[LEAPSECS] Bulletin C and all that
Zefram
zefram at fysh.org
Tue Feb 10 17:36:38 EST 2015
Rob Seaman wrote:
>I'm very much enjoying the dueling perl / python and CRC / SHA competition here :-)
Perl vs Python is of no significance. I use Perl for my example code
merely because it's more familiar to me; the same algorithms can be coded
either way. CRC vs SHA is of slightly greater significance (see below).
>On Feb 10, 2015, at 9:45 AM, Zefram <zefram at fysh.org> wrote:
>> I think it's a safe bet that AAAA lookups
>> will be commonly available before we exceed the 16-bit range.
>
>One hopes, but the A lookups would then already be in the field.
The way to deal with that is to also have an AAAA encoding from day one.

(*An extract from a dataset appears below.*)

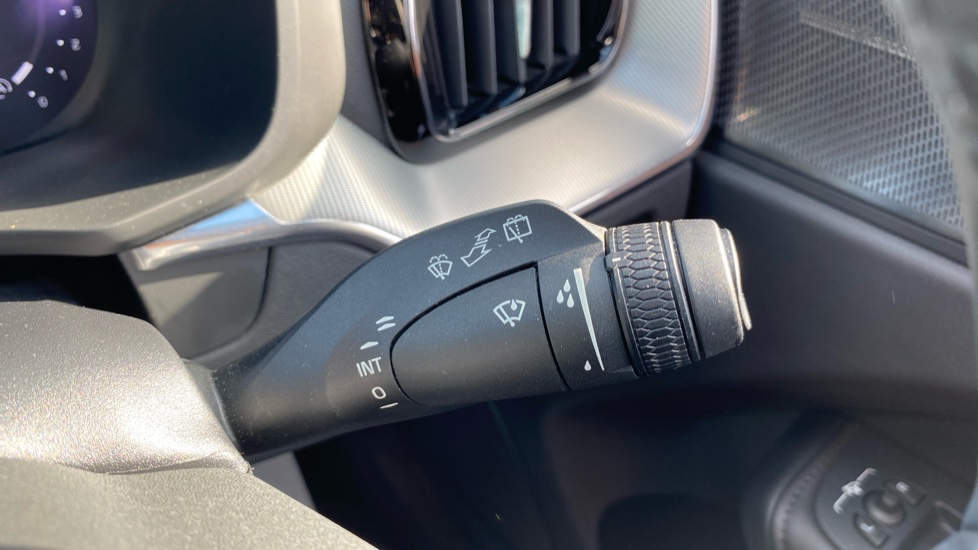Volvo XC60 2.0 B5P Plus Dark 5dr AWD Geartronic Petrol Estate - Image 27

The AAAA encoding can trivially have a much bigger range, such as 32
bits for offset. Applications using the A encoding would be more common
initially, but as IPv6 progressively comes to predominate applications
will probably naturally switch to the AAAA encoding. It'll largely
be a function of which version of IP an application author is more
familiar with, in cases where it's not dictated by the facilities of a
particular platform. By the time the A format runs out of range, IPv4
should be thoroughly dead, and the A RRtype a historical curio that one
would never seek out by default.
>The main benefit realized here is of 12-bits versus 8-bits. The fraction
>of false positives will be identical overall for 8-bits of this versus
>8-bits of pseudorandom that.
Given random distractor data, yes. My concern is more about the risk
of colliding with some other protocol. A CRC is relatively likely to be
selected independently by someone else trying to encode non-address data
in A records, or by virtue of the linear structure to arise by accident
from bitwise processing of addresses. A ones-complement checksum is
similarly linear and relatively non-arbitrary. Hence:
>> same encoding as I suggested for DTAI but using a different magic number in
>> the check field computation.
>
>I like that gimmick. Any comments on how you selected the magic number?

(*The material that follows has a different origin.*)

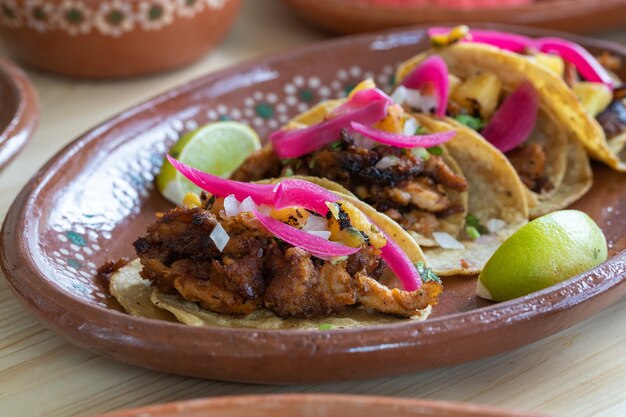 Nahaufnahme von mexikanischen leckeren Tacos de Pastor in einem Teller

>Is the value you used well known?
The magic number is meant to be specific to this protocol, never used
anywhere else. Cryptographically its role is almost as a MAC key
(except not secret), and the intent is that the strings that get fed
to SHA-1 should not be strings that would arise for any other reason.
I got the specific number from /dev/random, today. It's not a purely
uniform selection from the 64-bit string space: I applied some limitation
of the keyspace to avoid it looking like text or naturally-occurring data.
You can find the generator program I used (mkmagic) and an essay that
I wrote about magic numbers at <https://www.fysh.org/~zefram/magic/>.
The essay explains the selection criteria.